John Moffly, Voice Architects
What did Voice Architects discover about the applications created during the Speech Solutions CHALLENGE?
John Moffly The results of the AlphaCheck on the apps validated the premise of the CHALLENGE, that is, using today's tools, you can actually build a fully featured speech application prototype in a matter of hours. This simply was not possible two years ago, and we can thank the software and tools venders, primarily the participants, who have made this possible.
What are some reasons that speech applications need to be tested?
JM Speech applications, like any other software project, need to be tested to validate that they function as designed. Traditional software testing includes unit and system code tests, latency to the back-end, stress tests, and others. Unfortunately, speech has an additional requirement. A perfectly implemented speech application may not actually function all that well, simply because caller behavior is different than anticipated. Interface testing allows the VUI designer to true up anticipated caller behavior and interface performance, with the reality of what actual callers say.

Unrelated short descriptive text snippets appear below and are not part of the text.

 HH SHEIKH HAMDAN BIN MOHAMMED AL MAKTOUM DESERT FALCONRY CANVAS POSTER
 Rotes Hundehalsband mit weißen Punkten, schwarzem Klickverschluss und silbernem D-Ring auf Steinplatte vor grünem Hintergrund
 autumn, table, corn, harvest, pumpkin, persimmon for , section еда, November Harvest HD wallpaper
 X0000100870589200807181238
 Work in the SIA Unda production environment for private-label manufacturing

Why is it necessary to do systematic usability testing?
JM For the same reason data from actual callers should be used in interface testing, you should also be systematic in the process. Which means use of a common set of metrics on a statistically significant caller population. By far, the toughest part of coming up with our testing program, AlphaCheck, was definition of a common set of metrics. The metrics had to be easy enough for a call center manager to understand, yet useful for VUI designers to use for tuning. They must be generated on data from any speech engine and telephony platform at both the application and state level. Finally, they should be simple to generate and calculate We were looking for something like ASA, that everyone knows the definition of, and applies across all call centers regardless of size or vertical. The result was our set of six Key Usability Indicators, or KUI's.
Can you describe the testing process for the seven applications?

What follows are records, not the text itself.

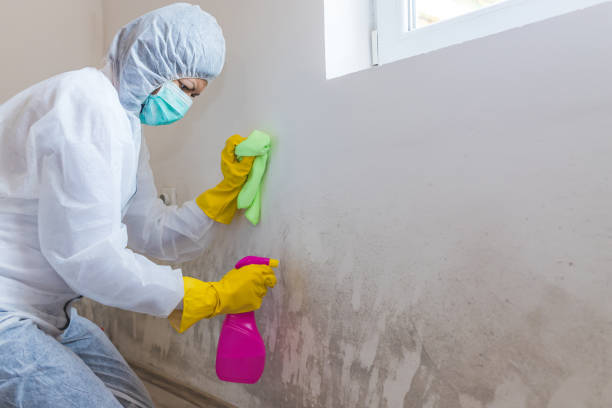 Best Mold Removal for HVAC Installations  in Iyanbito, NM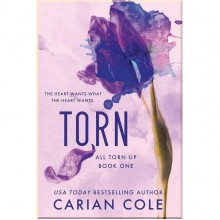 Torn (Book 1)
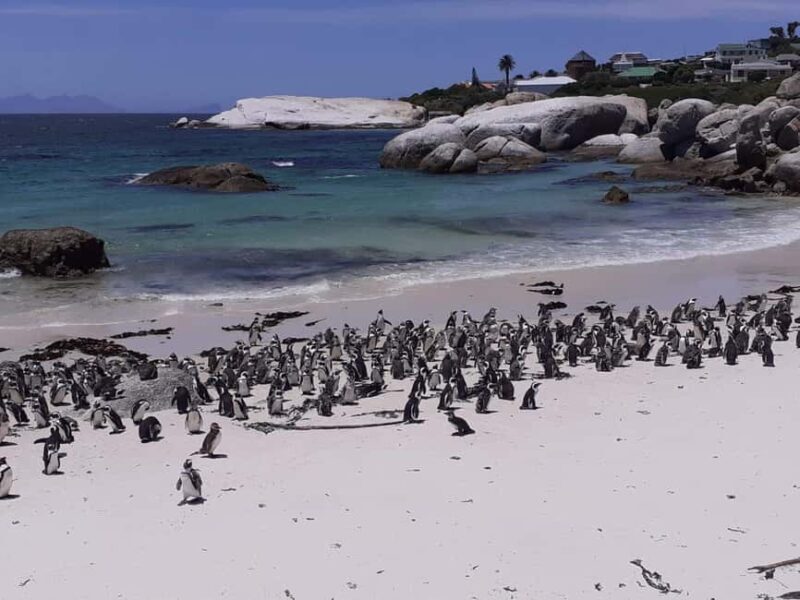 Cape Town: Cape point, Boulders beach, Simon's town - Who Is This Tour Best For?  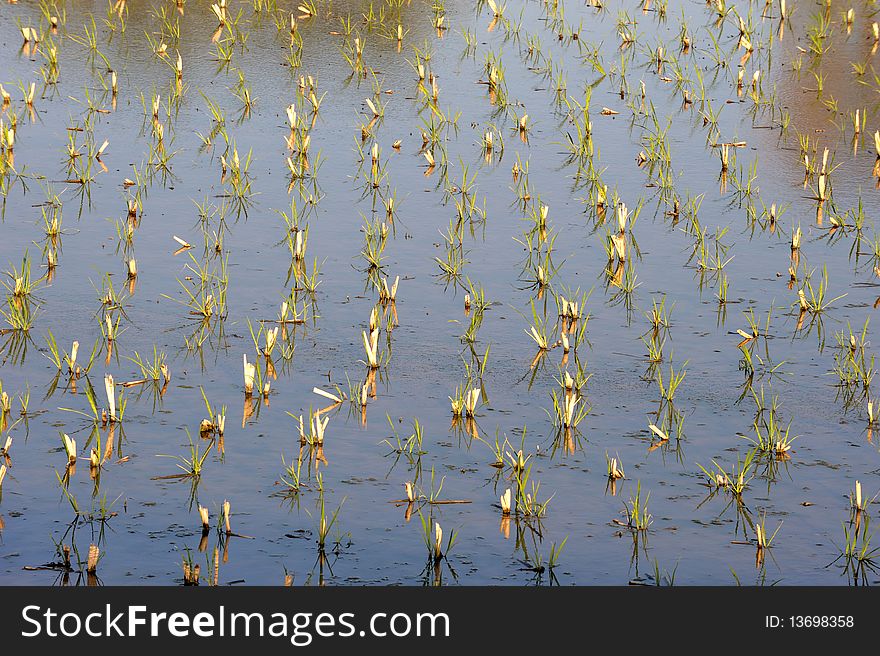Rice field in water in sunshine.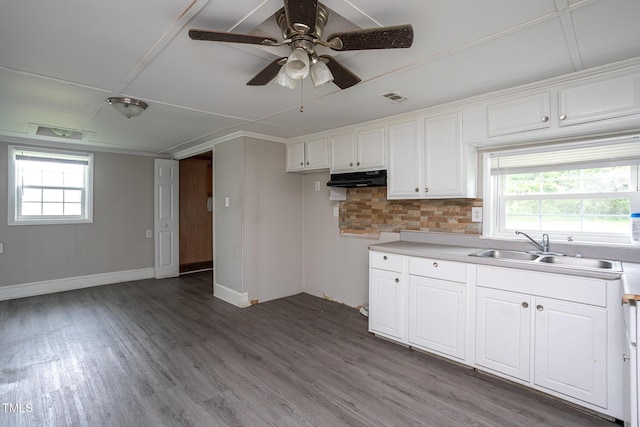 306 W Main St, Pine Level, NC 27568 - kitchen with a sink, wood finished floors, baseboards, white cabinetry, and healthy amount of natural light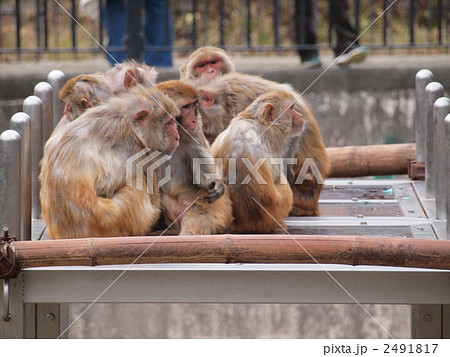 京都市立動物園のニホンザル 京都市立動物園のニホンザル 2491817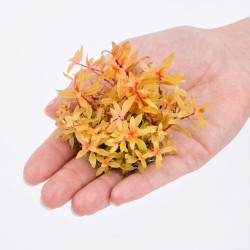 Nesea sp. 'Gold' - roślina do akwarium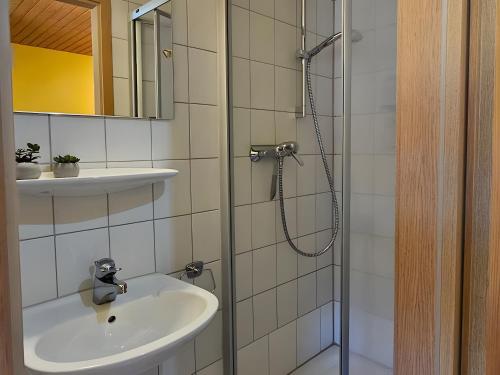 a bathroom with a sink and a shower at Ferienwohnung Riesling in Burg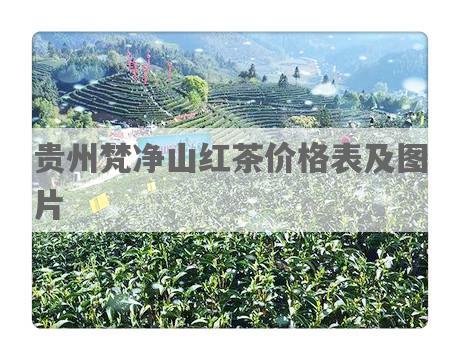 贵州梵净山红茶价格表及图片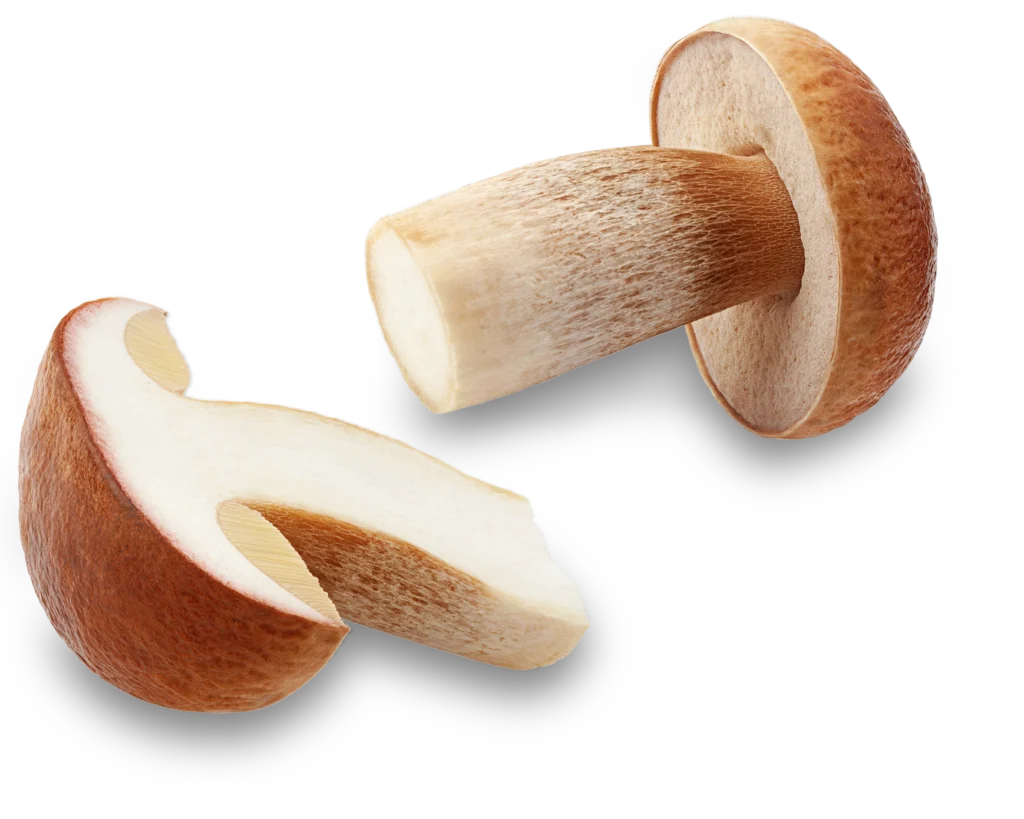 Aus der Valenzi Pilzwelt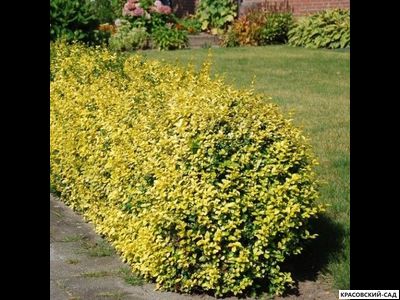 Бересклет Конадейл Голд - Canadale Gold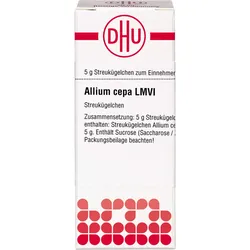 Allium Cepa Lm Vi 5 G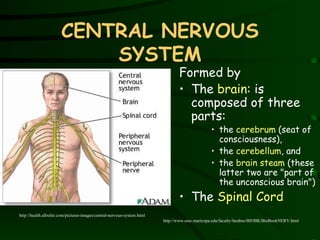CENTRAL NERVOUS SYSTEM Formed by The  brain :  is composed of three parts:  the  cerebrum  (seat of consciousness),  the  cerebellum , and  the  brain steam  (these latter two are "part of the unconscious brain") The  Spinal Cord http://health.allrefer.com/pictures-images/central-nervous-system.html http://www.emc.maricopa.edu/faculty/farabee/BIOBK/BioBookNERV.html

JM AlphaCheck is a simple process. Historical call data from recognition logs is imported into our LogSense analytics tool, which does several things. It creates a template of the application, where we can configure things like recognition states and invalid exit states for reporting, it generates KUI's at the state and application level, and it provides us with a tuning dashboard that facilitates subsequent tuning activities such as off-line recognition, audio review, and error aggregation. For a full AlphaCheck, VA then analyzes quantitative results, performs qualitative call analysis, and then generates a laundry list of hotspots, which we call our QuickFix Plan.
Was it difficult to have statistical data prepared in less than 24 hours for the audience at SpeechTEK? How long would this process normally take?
JM A full AlphaCheck takes about 4 days to perform, but the KUI generation process is relatively quick. The greatest challenge was collection and manipulation of large data files accessed from our laptop perched on the wobbly tables in Starbucks on 9th Avenue, through their equally wobbly wireless service. Other than that it was a snap!
What did the results show? What can you interpret from the data?
JM The KUI's that probably have the most relevance are the Average Errors per State (AES) and Raw Recognition Rate (R3). At 0.35, the AES is roughly 50 percent higher than what we see as an average for deployed applications (0.23). The Raw Recognition Rate was 64 percent vs. Voice Architects' benchmark of 77%. These numbers seem quite solid at one level, that is, it's remarkable that you could build an application in 6 hours that could return a recognition result 3 out of five times. Of course, not all these recognition results were correct. Low scores in Confirm Percent Yes (CPY) indicate a large number of mis-recognitions, or false accepts.
What are the strengths and weaknesses of each application based on your test results?
JM Perhaps the most interesting correlation was between the Application Error Rate (AER) and the Average States per Call (ASPC). The correlation may be a result of dialog design strategies. Structured, stepwise dialogs produced fewer errors, and more concise strategies, because they tackled harder recognition tasks, failed more frequently. However, the correlation also might be a result of another obvious point: apps with low usability have higher error rates, and hang-ups, and therefore shorter calls. In any case the data clearly indicates that effort spent on grammars and prompts (as opposed to call flow and persona) will improve recognition, reduce errors, and improve usability.
Explain the difference between testing and tuning.
JM Voice Architects' views testing as the assessment of interface performance, understanding the dynamics and establishing performance goals. Tuning is the process that optimizes the interface, essentially eliminating errors. So, generally, you would test before and after you tune. Tuning is now recognized by the speech industry as a critical part of the VUI lifecycle. At Voice Architects we tell call center clients, that if they train their agents, they should tune their speech interface. The value prop is identical.